(Image-caption web data)
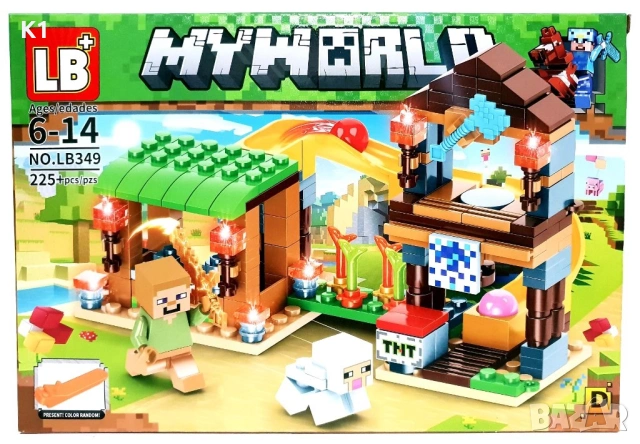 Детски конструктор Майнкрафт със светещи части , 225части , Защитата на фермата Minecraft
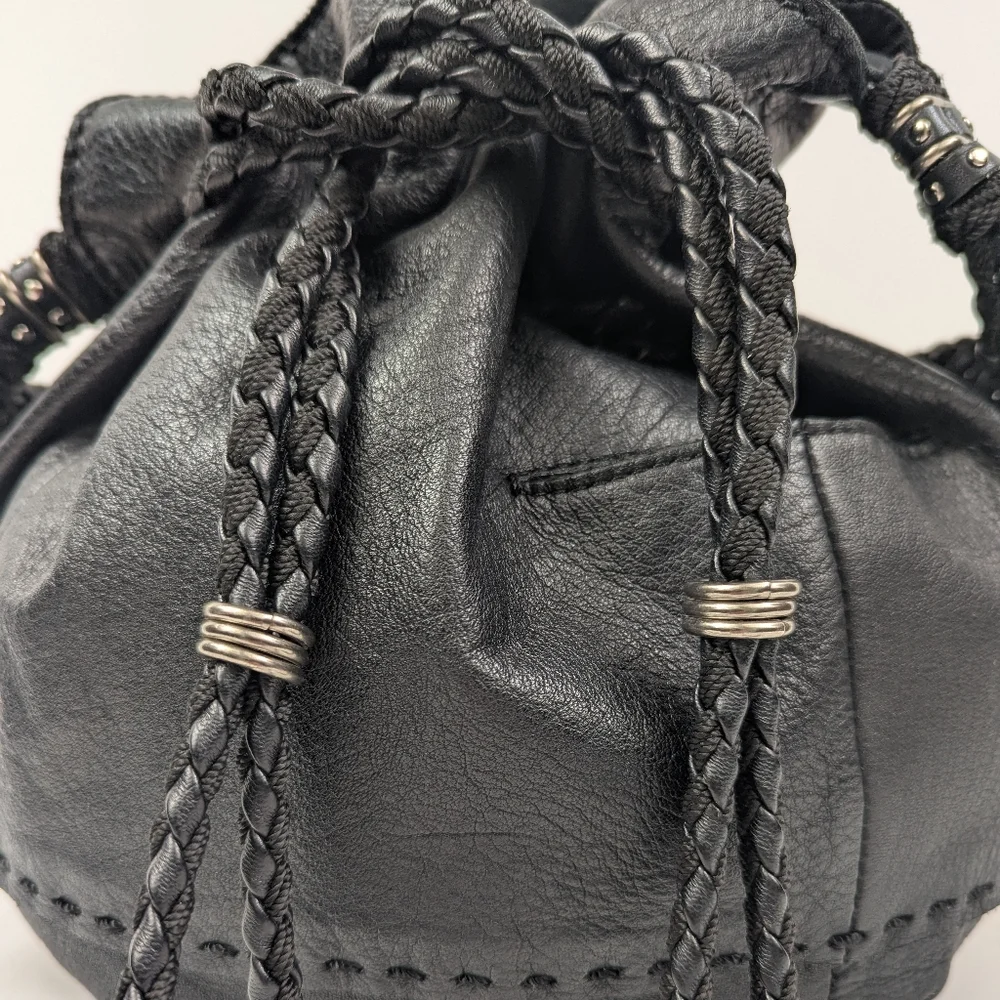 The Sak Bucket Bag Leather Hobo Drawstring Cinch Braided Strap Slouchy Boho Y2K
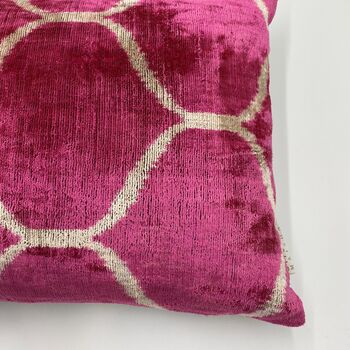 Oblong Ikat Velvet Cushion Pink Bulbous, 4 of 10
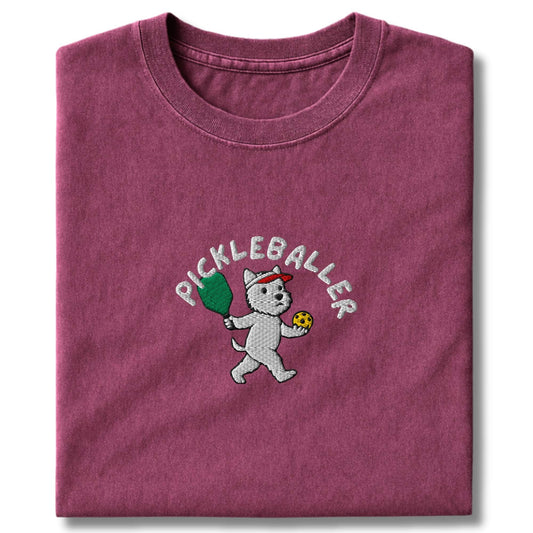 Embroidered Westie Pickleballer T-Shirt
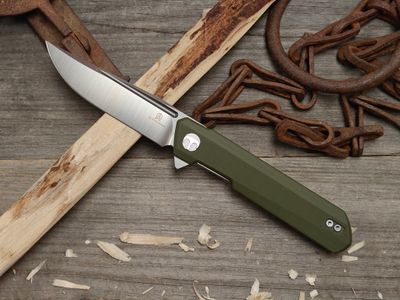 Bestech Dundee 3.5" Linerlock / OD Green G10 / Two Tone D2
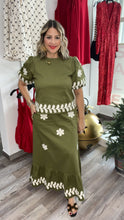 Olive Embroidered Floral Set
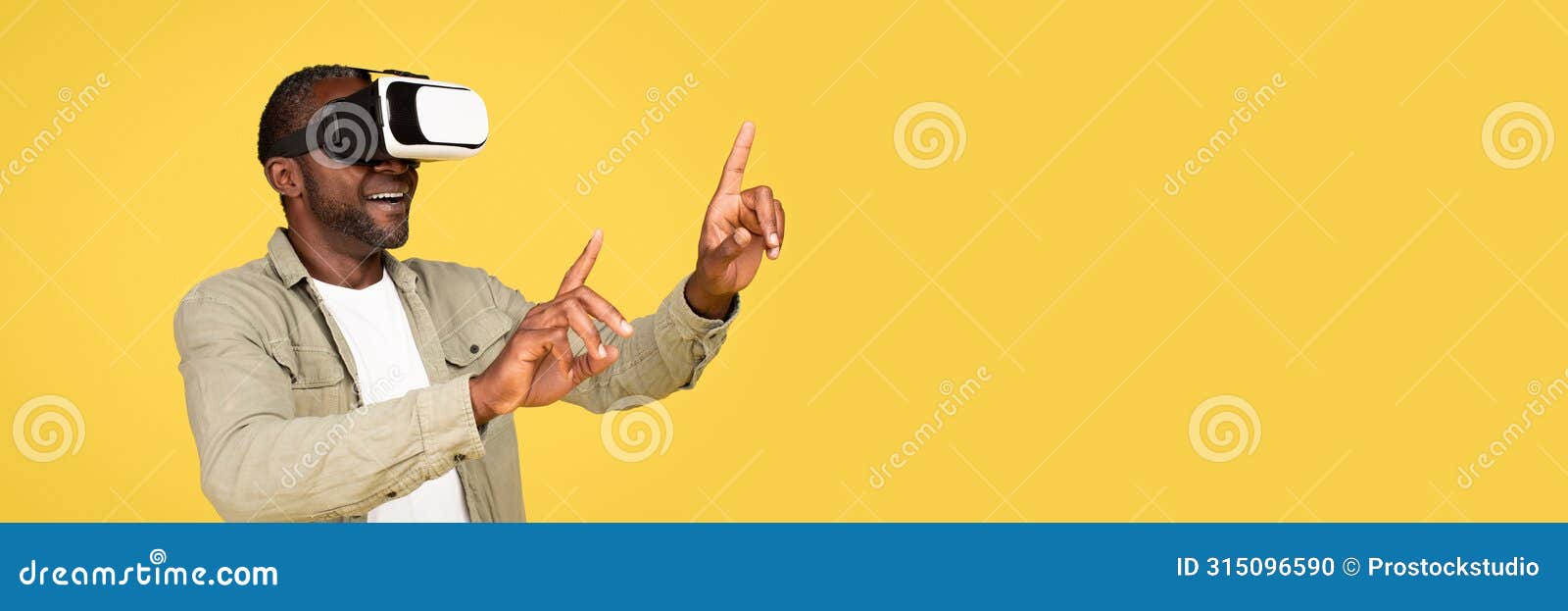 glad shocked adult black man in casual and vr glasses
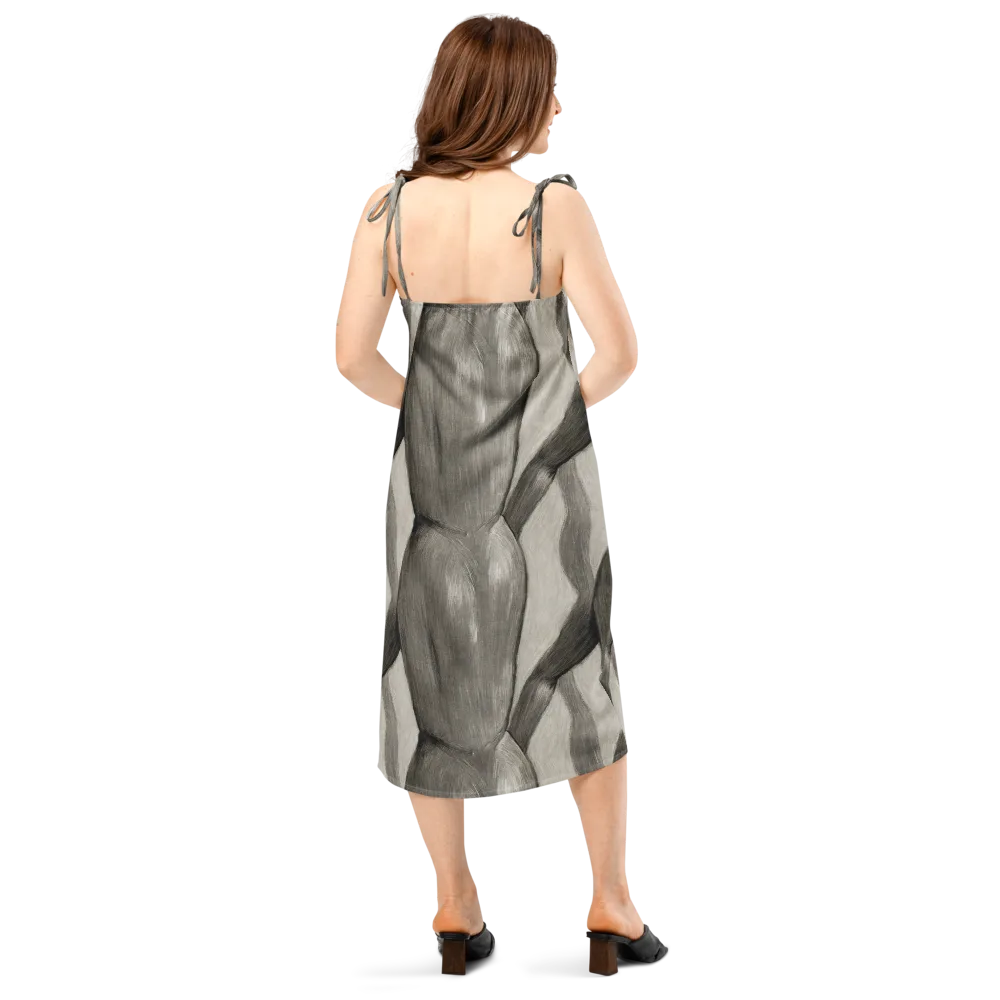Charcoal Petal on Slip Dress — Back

- _PROBLEM DETAILS_
For your answer, write out the data exactly and drop every picture.

- _SOLUTION BELOW_
 Детски конструктор Майнкрафт със светещи части , 225части , Защитата на фермата Minecraft
 The Sak Bucket Bag Leather Hobo Drawstring Cinch Braided Strap Slouchy Boho Y2K
 Oblong Ikat Velvet Cushion Pink Bulbous, 4 of 10
 Embroidered Westie Pickleballer T-Shirt
 Bestech Dundee 3.5" Linerlock / OD Green G10 / Two Tone D2
 Olive Embroidered Floral Set
 glad shocked adult black man in casual and vr glasses
Charcoal Petal on Slip Dress — Back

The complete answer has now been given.